Light Steam Power was a magazine dedicated to amateur and small-scale interest in steam power. Its masthead for some years described itself as, "Authentic World News on Steam Power for Cars, Launches and Small Stationary Units".

The magazine was self-published by its editor John Ness Walton of Kirk Michael, Isle of Man. It began when he took over an earlier magazine, Steam Car Developments and Steam Marine Motors in 1945, renaming this in 1949. For most of its existence it was published bi-monthly, although the first and last volumes were published at three- and four-month intervals. In its last years, from 1977 it changed its name to Steam Power and re-located to Loughborough.
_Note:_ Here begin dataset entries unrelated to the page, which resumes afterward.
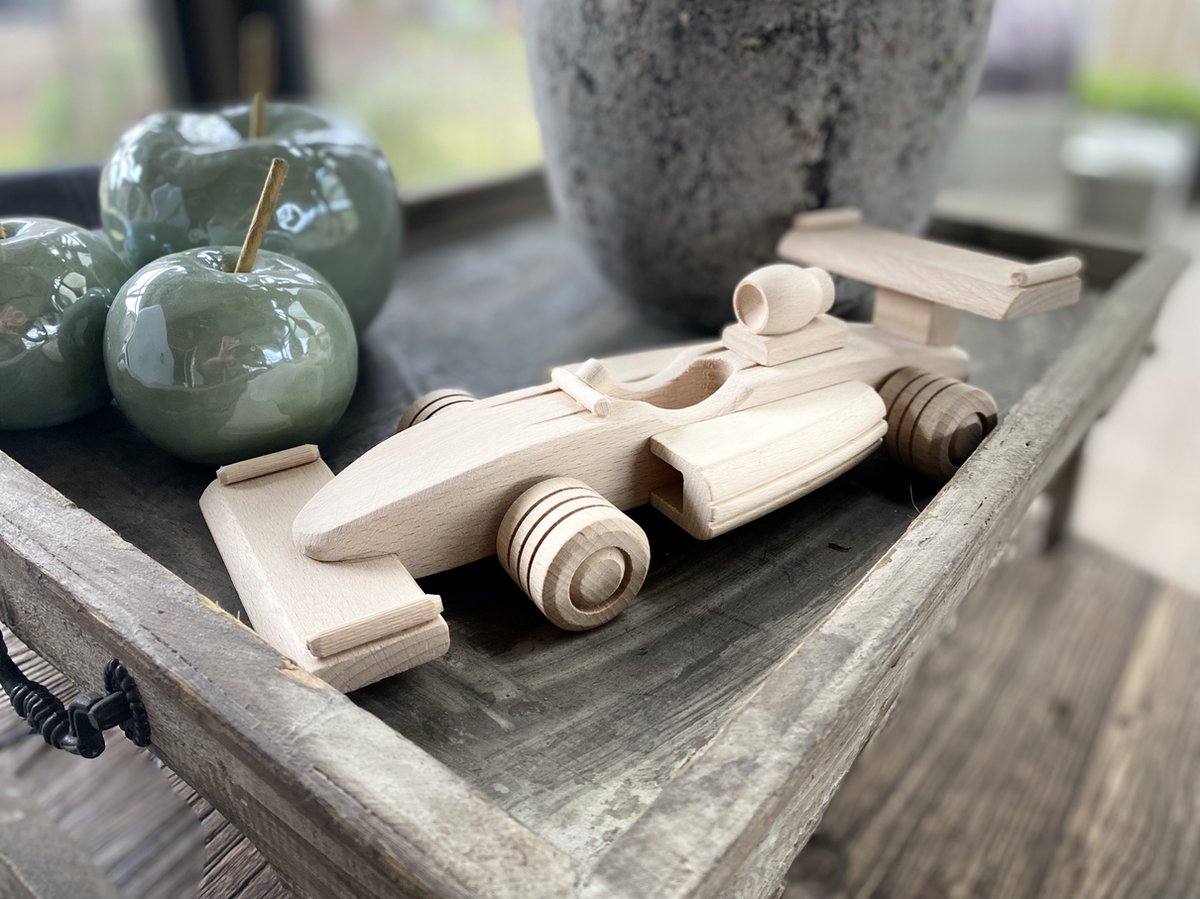 Formule 1 auto van hout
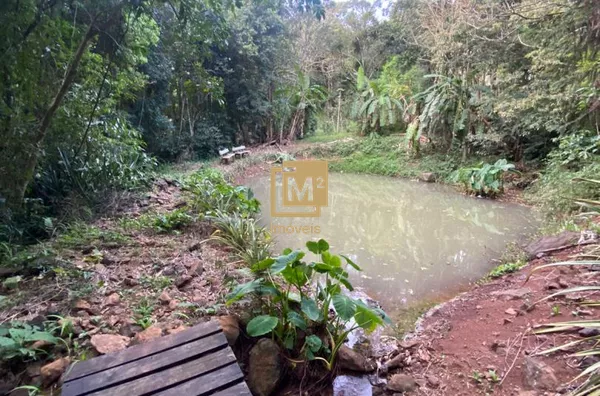 Chácara com 2 hectares de terra em Sapiranga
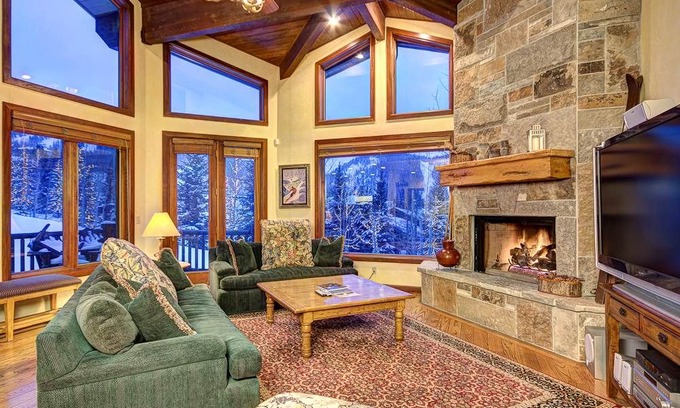 Deer Valley Apartment | NEW LISTING! Double Eagle #13 ( 3 Bedroom condo )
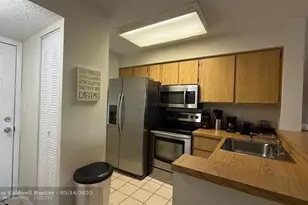 2108 S Cypress Bend Dr, Pompano Beach, FL 33069 - Photo 14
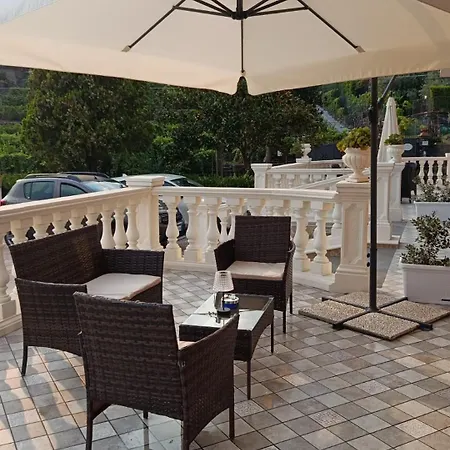 La Rosa Dell'etna - *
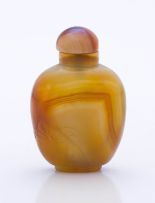A Chinese banded agate snuff bottle, Qing Dynasty, 19th century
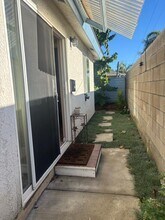 3058 Murray Ln in Costa Mesa, CA - Foto de edificio - Building Photo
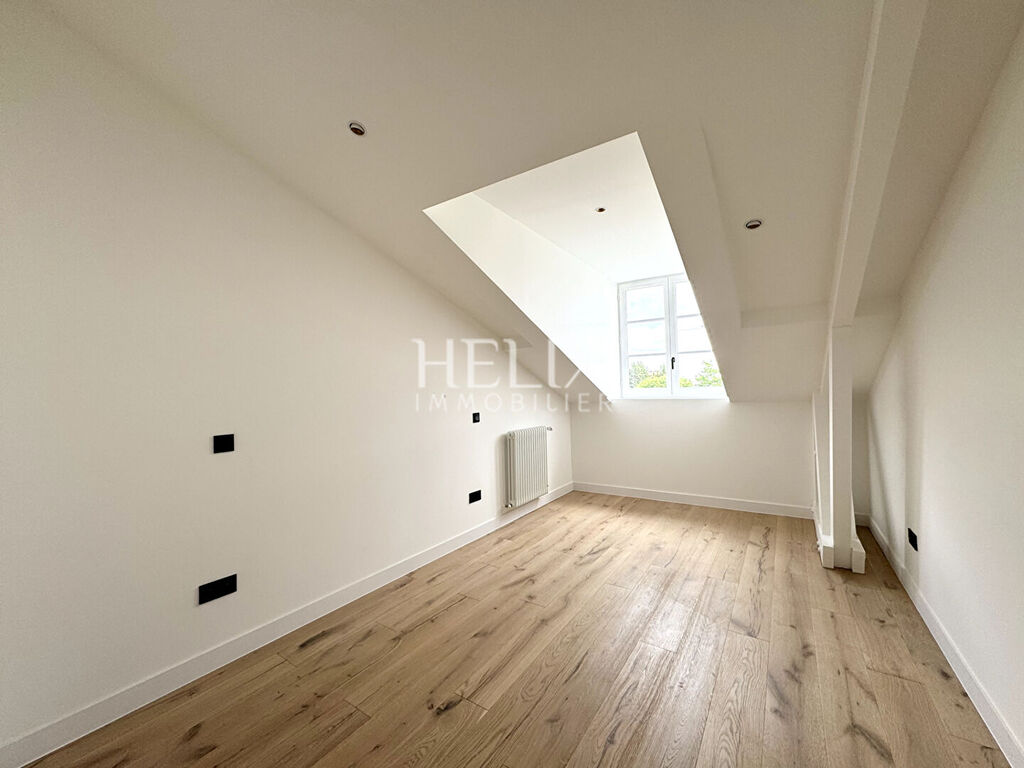 A vendre appartement 104,60 M2 à Saint-Germain-en-Laye , RER A 10 mn.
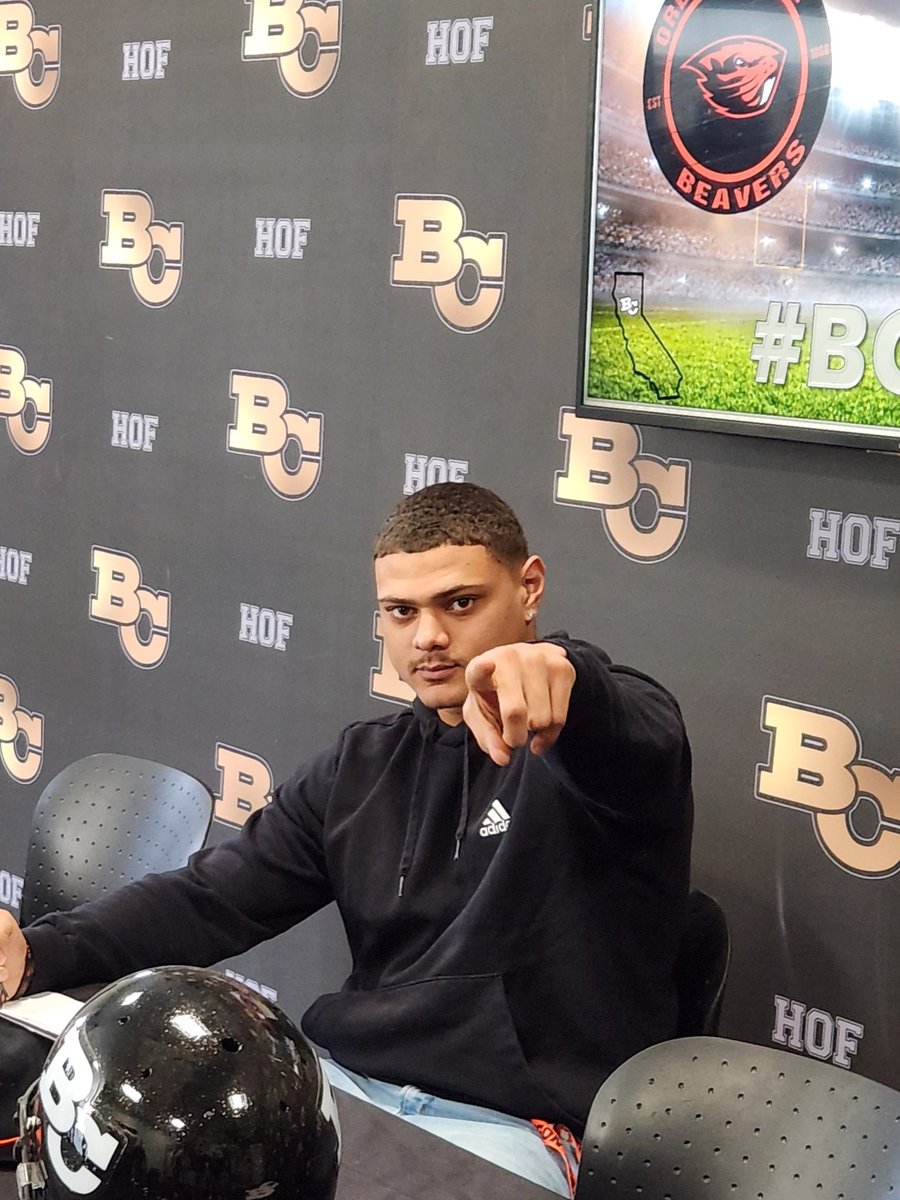 Another <a href="/ButteFootball/">Butte College Football</a> Roadrunner moving on. <a href="/oregonstFBfeedr/">Oregon St Beavers FB</a> is getting a good one. Can't wait to watch. #BCPride #traditionnevergraduates #BTA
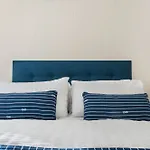 Canonmills Apartment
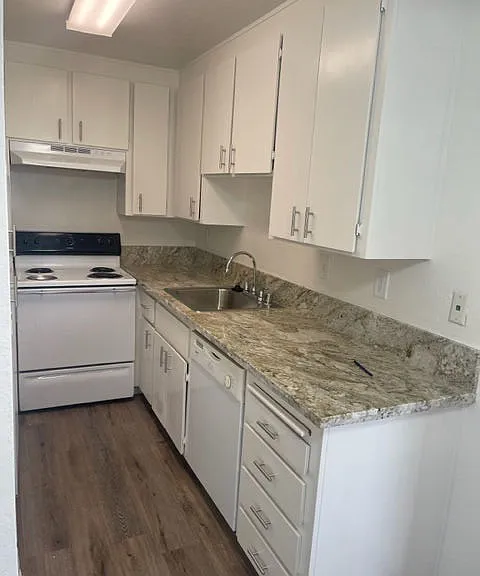 Bayshore Estates — Photo 10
The magazine continued under this name until 1981.

In more recent years, there was a website maintaining the magazine's archives, but this has now gone. In 2009 an agreement was made with the National Steam Car Association for them to hold the rights to Light Steam Power and other Walton publications. Mr. Walton died March 19, 2013 aged 91.

The two main applications of steam power covered were steam cars and small steam launches. Much of the magazine's content was influenced, if not indeed written, by skilled and enthusiastic amateurs describing their own projects and so their choice of these projects influenced the magazine's own direction. Steam turbines and large steamships were less frequent, being beyond the constructional capacity of most readers, but they were described as news items when particularly interesting events took place. One aspect that oddly was only lightly covered was the use of steam on railways, unusually so as the magazine's heyday coincided with the demise of mainline steam but with increasing interest in the railway and steam preservation movements.

The magazine covered a broad range of topics within 'steam power', often at a far more advanced level than contemporary railway and steam locomotive practice. Low-water-content water-tube boilers were commonplace and even monotube steam generators and uniflow engines were regular features. Although the terms were not yet in use, these technical features coincided with increased recognition of the Advanced Steam Technology and Modern Steam movement.